That means, they cornered themselves in dead end street, and unable to reform.

Anonymous Coward says:

Re: Re:

The more strictly centralized the powerstructure is in a system, the more responsibility each piece of the chain has for subordinates. Since “shit falls downward”, the more responsibility you can put on your subordinate, the less of the blame you will take and therefore the bigger your chances of promotion even after an “incident”.
By not taking the concerns from Snowden up or writing him off as a troublemaker to superiors they are protecting their CV from universally bad effects:
– In case Snowden is getting persecuted the superior of Snowden would have to answer for why he let his subordinate do as he did, without informing his supeirior of the potential problems with him.
– Should Snowdens concerns be taken at face value and acted upon, the result would be a critique of the specific department and the shit that will inevitably drip down on him from his superiors.
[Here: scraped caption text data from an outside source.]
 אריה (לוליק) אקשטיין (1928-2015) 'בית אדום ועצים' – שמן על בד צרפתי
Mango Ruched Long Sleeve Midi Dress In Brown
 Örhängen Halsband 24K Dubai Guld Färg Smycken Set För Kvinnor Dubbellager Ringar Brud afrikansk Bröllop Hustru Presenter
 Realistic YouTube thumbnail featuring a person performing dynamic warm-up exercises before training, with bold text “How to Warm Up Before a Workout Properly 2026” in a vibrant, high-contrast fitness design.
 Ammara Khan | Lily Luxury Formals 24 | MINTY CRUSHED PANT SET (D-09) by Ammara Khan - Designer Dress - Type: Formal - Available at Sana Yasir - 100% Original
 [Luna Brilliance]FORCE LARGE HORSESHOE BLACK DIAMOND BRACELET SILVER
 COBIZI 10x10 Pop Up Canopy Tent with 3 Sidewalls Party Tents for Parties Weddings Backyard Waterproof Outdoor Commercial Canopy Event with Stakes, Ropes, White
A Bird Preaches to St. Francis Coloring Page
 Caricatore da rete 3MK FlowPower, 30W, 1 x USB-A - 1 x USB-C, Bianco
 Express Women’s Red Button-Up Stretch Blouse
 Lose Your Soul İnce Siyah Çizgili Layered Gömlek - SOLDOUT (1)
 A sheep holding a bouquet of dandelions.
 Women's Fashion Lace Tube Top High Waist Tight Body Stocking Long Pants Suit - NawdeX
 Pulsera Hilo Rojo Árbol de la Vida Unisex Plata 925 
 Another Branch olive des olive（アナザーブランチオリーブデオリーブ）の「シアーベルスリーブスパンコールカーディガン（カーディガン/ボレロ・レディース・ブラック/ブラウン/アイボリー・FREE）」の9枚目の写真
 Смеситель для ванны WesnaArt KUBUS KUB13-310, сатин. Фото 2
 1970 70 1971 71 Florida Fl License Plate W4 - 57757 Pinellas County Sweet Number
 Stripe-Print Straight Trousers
Not rocking the boat is just good judgement from a carreer perspective…

AricTheRed says:

This whole thing sounds sort of office spacey...

“The world’s foremost intelligence agency is nothing more than the world’s most secretive cubicle farm, staffed with supervisors more interested in coasting towards retirement at the helm of the placid USS CYA then actually addressing an employee’s concerns.”

I’m imaginging “The Clap” (James Clapper for those of you unfarmiliar with my raving Libertarian rant) as Lumburgh-

Yeah, soo…, I’m gonna need you to come in on Saturday. We’ve “lost” a few people recently, and not everyones consitutional rights have been vilated yet, sooo, yeah, we’re gonna need you to come in this weekend. And it’s not gonna’ be a half day or anything, soooo, yeah thanks…

David says:

Fighting moles

If you are a farmer and see on your meadow wide streaks of yellowing grass moddled with mole hills, the obvious recourse is to jump into action, digging out and killing the moles.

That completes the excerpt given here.